_Problem statement_
Output the listing below, all of it, exactly as given.

■ ■ ■

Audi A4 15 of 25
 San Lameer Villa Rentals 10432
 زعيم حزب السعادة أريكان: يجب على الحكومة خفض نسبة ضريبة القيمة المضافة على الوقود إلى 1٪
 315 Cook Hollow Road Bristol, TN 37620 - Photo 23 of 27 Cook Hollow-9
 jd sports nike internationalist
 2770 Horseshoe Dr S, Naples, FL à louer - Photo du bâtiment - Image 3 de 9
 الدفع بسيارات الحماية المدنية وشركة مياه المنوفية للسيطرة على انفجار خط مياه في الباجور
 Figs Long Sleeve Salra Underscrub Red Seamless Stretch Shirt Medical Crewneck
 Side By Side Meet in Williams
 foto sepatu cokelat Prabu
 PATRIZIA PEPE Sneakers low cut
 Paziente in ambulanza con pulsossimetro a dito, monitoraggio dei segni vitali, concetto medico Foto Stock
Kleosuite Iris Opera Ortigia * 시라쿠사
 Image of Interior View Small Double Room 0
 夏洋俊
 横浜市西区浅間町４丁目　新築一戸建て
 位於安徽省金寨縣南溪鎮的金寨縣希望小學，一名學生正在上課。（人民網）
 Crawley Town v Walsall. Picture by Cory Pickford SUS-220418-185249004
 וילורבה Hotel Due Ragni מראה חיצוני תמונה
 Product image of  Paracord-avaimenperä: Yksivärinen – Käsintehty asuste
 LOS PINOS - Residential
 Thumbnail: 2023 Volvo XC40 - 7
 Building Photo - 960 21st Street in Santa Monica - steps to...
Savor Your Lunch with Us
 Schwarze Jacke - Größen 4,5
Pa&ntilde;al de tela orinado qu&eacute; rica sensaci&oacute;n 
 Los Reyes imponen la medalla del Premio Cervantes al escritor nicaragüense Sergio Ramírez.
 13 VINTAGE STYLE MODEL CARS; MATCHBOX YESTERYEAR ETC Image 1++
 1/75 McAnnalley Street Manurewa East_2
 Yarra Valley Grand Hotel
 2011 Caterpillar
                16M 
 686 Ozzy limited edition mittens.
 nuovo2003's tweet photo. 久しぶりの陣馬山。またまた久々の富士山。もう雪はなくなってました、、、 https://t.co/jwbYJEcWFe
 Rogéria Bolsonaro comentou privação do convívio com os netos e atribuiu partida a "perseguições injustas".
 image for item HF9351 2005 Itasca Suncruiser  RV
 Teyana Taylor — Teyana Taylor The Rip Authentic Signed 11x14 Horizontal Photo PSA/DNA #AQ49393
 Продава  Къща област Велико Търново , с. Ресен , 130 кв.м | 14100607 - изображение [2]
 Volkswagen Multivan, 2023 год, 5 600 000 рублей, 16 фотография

■ ■ ■

_Task response_
Audi A4 15 of 25
 San Lameer Villa Rentals 10432
 زعيم حزب السعادة أريكان: يجب على الحكومة خفض نسبة ضريبة القيمة المضافة على الوقود إلى 1٪
 315 Cook Hollow Road Bristol, TN 37620 - Photo 23 of 27 Cook Hollow-9
 jd sports nike internationalist
 2770 Horseshoe Dr S, Naples, FL à louer - Photo du bâtiment - Image 3 de 9
 الدفع بسيارات الحماية المدنية وشركة مياه المنوفية للسيطرة على انفجار خط مياه في الباجور
 Figs Long Sleeve Salra Underscrub Red Seamless Stretch Shirt Medical Crewneck
 Side By Side Meet in Williams
 foto sepatu cokelat Prabu
 PATRIZIA PEPE Sneakers low cut
 Paziente in ambulanza con pulsossimetro a dito, monitoraggio dei segni vitali, concetto medico Foto Stock
Kleosuite Iris Opera Ortigia * 시라쿠사
 Image of Interior View Small Double Room 0
 夏洋俊
 横浜市西区浅間町４丁目　新築一戸建て
 位於安徽省金寨縣南溪鎮的金寨縣希望小學，一名學生正在上課。（人民網）
 Crawley Town v Walsall. Picture by Cory Pickford SUS-220418-185249004
 וילורבה Hotel Due Ragni מראה חיצוני תמונה
 Product image of  Paracord-avaimenperä: Yksivärinen – Käsintehty asuste
 LOS PINOS - Residential
 Thumbnail: 2023 Volvo XC40 - 7
 Building Photo - 960 21st Street in Santa Monica - steps to...
Savor Your Lunch with Us
 Schwarze Jacke - Größen 4,5
Pa&ntilde;al de tela orinado qu&eacute; rica sensaci&oacute;n 
 Los Reyes imponen la medalla del Premio Cervantes al escritor nicaragüense Sergio Ramírez.
 13 VINTAGE STYLE MODEL CARS; MATCHBOX YESTERYEAR ETC Image 1++
 1/75 McAnnalley Street Manurewa East_2
 Yarra Valley Grand Hotel
 2011 Caterpillar
                16M 
 686 Ozzy limited edition mittens.
 nuovo2003's tweet photo. 久しぶりの陣馬山。またまた久々の富士山。もう雪はなくなってました、、、 https://t.co/jwbYJEcWFe
 Rogéria Bolsonaro comentou privação do convívio com os netos e atribuiu partida a "perseguições injustas".
 image for item HF9351 2005 Itasca Suncruiser  RV
 Teyana Taylor — Teyana Taylor The Rip Authentic Signed 11x14 Horizontal Photo PSA/DNA #AQ49393
 Продава  Къща област Велико Търново , с. Ресен , 130 кв.м | 14100607 - изображение [2]
 Volkswagen Multivan, 2023 год, 5 600 000 рублей, 16 фотография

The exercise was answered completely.